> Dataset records
────

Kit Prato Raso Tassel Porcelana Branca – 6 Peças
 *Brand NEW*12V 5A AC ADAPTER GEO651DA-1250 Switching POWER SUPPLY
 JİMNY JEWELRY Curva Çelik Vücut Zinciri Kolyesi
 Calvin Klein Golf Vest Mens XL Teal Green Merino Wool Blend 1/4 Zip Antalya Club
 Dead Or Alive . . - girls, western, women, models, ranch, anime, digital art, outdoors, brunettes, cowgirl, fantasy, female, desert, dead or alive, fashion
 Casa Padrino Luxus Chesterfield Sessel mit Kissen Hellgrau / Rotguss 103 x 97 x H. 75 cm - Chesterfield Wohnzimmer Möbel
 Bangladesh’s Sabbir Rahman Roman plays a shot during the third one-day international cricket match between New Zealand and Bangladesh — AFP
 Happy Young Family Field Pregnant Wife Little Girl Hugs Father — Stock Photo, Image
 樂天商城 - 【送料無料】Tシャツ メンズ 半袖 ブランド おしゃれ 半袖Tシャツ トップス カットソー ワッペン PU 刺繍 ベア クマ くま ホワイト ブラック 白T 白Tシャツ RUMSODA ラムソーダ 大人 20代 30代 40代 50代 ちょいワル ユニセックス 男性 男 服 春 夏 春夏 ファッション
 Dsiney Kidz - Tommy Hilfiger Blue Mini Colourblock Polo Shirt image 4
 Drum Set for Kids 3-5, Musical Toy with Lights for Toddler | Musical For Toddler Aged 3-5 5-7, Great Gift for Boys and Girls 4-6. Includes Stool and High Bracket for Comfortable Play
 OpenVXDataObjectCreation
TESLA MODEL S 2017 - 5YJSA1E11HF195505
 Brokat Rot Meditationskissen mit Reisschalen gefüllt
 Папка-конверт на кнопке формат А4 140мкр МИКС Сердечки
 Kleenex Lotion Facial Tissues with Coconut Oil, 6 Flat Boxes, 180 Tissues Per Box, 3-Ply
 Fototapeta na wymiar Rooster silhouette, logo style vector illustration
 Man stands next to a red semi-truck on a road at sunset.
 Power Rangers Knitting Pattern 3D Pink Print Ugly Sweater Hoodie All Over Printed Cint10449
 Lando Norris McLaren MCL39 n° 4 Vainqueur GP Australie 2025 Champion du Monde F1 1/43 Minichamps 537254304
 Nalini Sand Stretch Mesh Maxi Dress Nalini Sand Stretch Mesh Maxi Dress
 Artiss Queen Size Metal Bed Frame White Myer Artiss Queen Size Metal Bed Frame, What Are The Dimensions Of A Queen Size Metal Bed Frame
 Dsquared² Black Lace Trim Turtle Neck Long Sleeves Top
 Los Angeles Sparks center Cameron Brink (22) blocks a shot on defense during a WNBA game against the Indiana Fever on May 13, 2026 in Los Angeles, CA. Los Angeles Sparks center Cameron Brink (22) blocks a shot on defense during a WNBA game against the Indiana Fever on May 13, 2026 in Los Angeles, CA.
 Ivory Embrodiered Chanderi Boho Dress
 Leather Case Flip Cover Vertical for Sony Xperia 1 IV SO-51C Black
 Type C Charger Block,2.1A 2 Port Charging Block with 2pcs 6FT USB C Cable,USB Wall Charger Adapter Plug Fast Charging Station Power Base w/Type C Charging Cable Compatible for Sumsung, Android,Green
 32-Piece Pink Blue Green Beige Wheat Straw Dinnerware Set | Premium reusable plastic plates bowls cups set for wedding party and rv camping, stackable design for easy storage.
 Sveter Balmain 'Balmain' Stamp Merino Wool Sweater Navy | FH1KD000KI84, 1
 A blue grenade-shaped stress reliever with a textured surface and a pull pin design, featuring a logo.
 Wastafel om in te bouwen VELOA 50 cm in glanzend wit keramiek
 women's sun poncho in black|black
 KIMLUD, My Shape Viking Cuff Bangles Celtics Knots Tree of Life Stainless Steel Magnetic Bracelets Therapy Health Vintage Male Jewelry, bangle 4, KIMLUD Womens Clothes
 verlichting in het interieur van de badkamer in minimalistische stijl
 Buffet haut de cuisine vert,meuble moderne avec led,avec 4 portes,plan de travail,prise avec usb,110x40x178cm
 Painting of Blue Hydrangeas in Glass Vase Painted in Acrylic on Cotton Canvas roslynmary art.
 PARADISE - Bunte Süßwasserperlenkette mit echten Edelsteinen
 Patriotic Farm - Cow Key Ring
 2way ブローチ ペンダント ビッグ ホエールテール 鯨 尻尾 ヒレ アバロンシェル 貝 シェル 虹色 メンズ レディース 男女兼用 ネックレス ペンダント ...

────

> Your goal
Beginning of the records through the line with "Casa Padrino Luxus": return that span exactly and stop there.

> Exercise result
Kit Prato Raso Tassel Porcelana Branca – 6 Peças
 *Brand NEW*12V 5A AC ADAPTER GEO651DA-1250 Switching POWER SUPPLY
 JİMNY JEWELRY Curva Çelik Vücut Zinciri Kolyesi
 Calvin Klein Golf Vest Mens XL Teal Green Merino Wool Blend 1/4 Zip Antalya Club
 Dead Or Alive . . - girls, western, women, models, ranch, anime, digital art, outdoors, brunettes, cowgirl, fantasy, female, desert, dead or alive, fashion
 Casa Padrino Luxus Chesterfield Sessel mit Kissen Hellgrau / Rotguss 103 x 97 x H. 75 cm - Chesterfield Wohnzimmer Möbel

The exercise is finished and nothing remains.